John Faulkner told the Senate yesterday that David Epstein has voluntarily offered not to lobby on Qantas’s behalf for twelve months on any issue he had official dealings with — the same requirement as would apply if he were a third-party lobbyist under the code of conduct. Fair enough.
However, if the Frequent Flyer sale goes ahead, Epstein would be banned outright from lobbying in relation to Frequent Flyer issues. And after 12 months, he’ll have to go on the Lobbyist Register. And what are Frequent Flyer issues anyway? Surely they couldn’t be separated from general aviation issues.
This little scenario would be widespread across large companies — and in the media sector, in particular, where cross-ownership of companies abounds and the big TV networks are owned by private equity.

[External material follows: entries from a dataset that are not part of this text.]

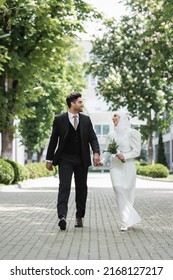joyful groom holding hands with muslim bride with wedding bouquet and walking together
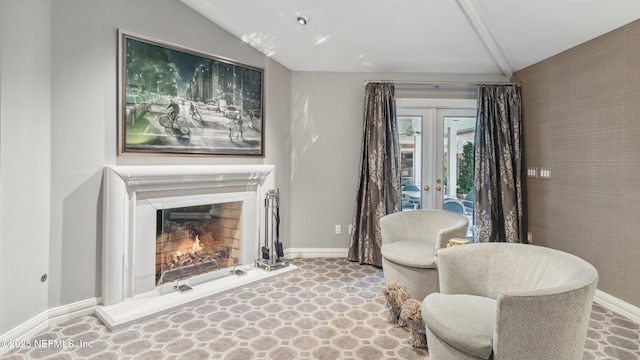 sitting room featuring french doors and lofted ceiling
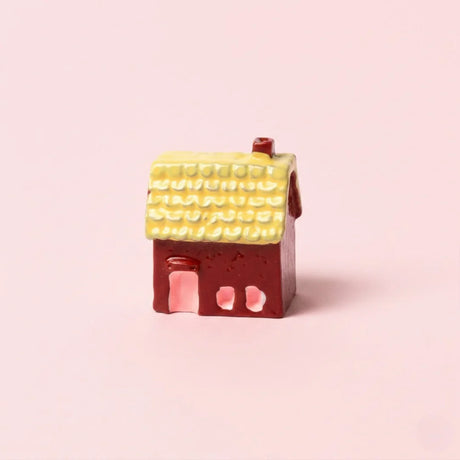 Miniature Resin House Assorted (1Pc) on a light pink background.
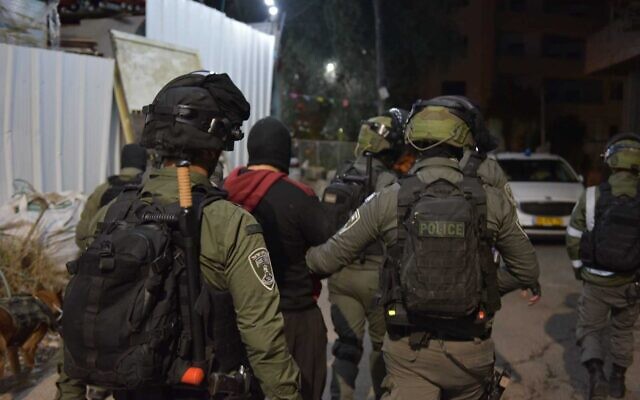 Police arrest an individual in connection with the Hadera attack, March 28, 2022. (Israel Police)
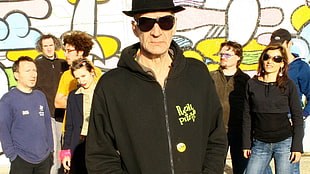 man wearing black hat and zip-up jacket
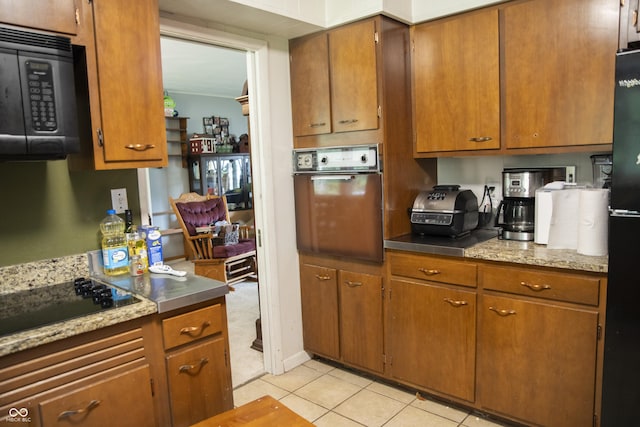 124 Georgton Ct, West Lafayette, IN 47906 - kitchen with black appliances, light tile patterned floors, and brown cabinetry
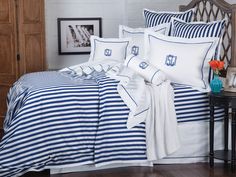 a bed with blue and white striped sheets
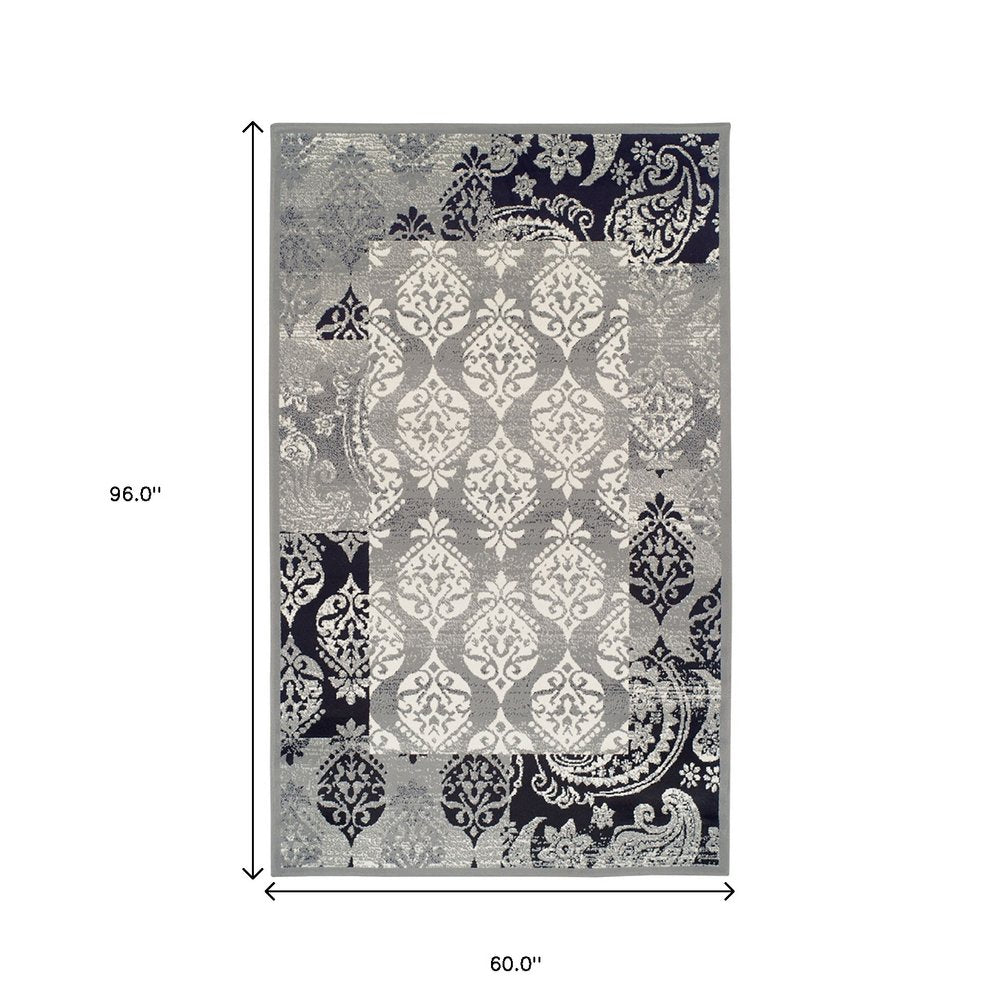5' X 8' Black And Gray Damask Distressed Area Rug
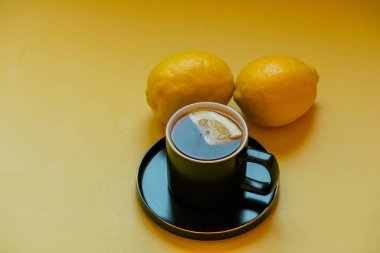 Çay. Çay, bir fincan siyah bardakta bir dilim limon ve bir fincan çay. Sarı arka planda iki limon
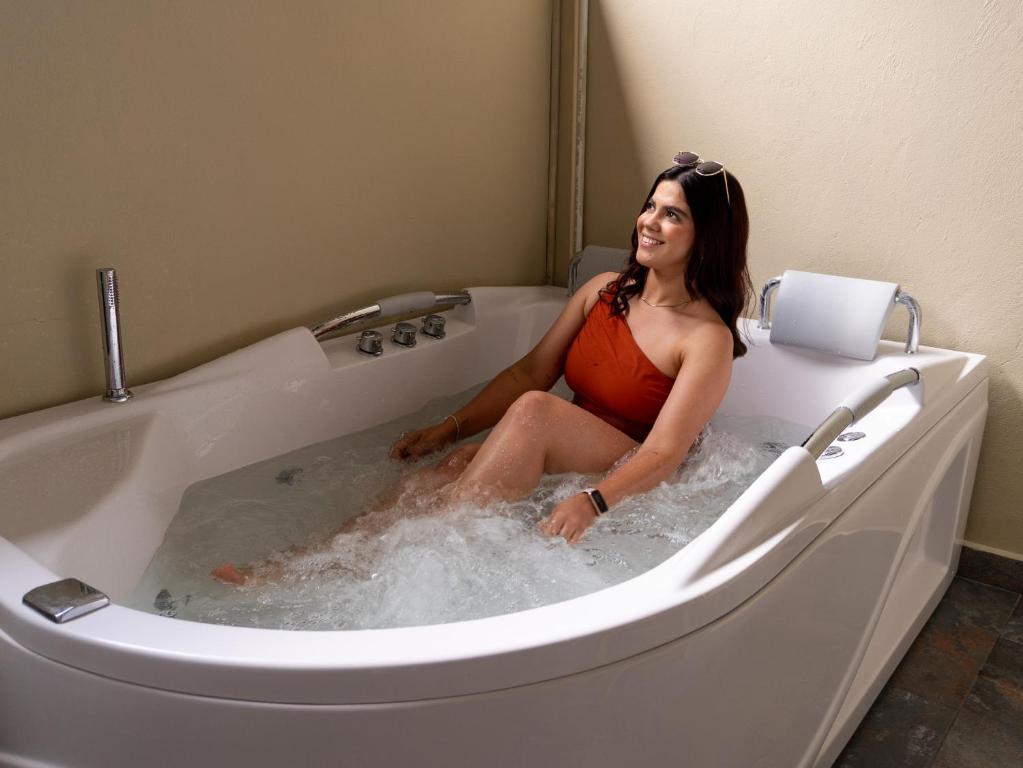 a woman sitting in a bath tub at Hotel Molinos Plaza in Medellín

No one from CVC, for example, could lobby on behalf of the Nine Network unless they were registered as a lobbyist or were also an employee or director of Nine.
There’s a good chance plenty of in-house lobbyists aren’t aware of this and have been discussing companies under their corporate brand with Ministers and officials, unaware that the part-ownership of those companies means they’re breaching the code.
Ministers and their officials wouldn’t be aware of the breach because few of them are aware of the full ownership structures of the companies who lobby them. In my days as a bureaucrat, I tried to ascertain the ownership structures of companies whenever they sent representatives or executives to meet the Minister. But it could be hard work, and wasn’t always possible.
A diligent, intelligent Opposition might find this a useful avenue to explore via Senate Estimates or Questions on Notice. There are likely to have been multiple breaches of the lobbyist code already. They would be inadvertent, and the fault of lobbyists rather than Ministers, but they’d be breaches nonetheless.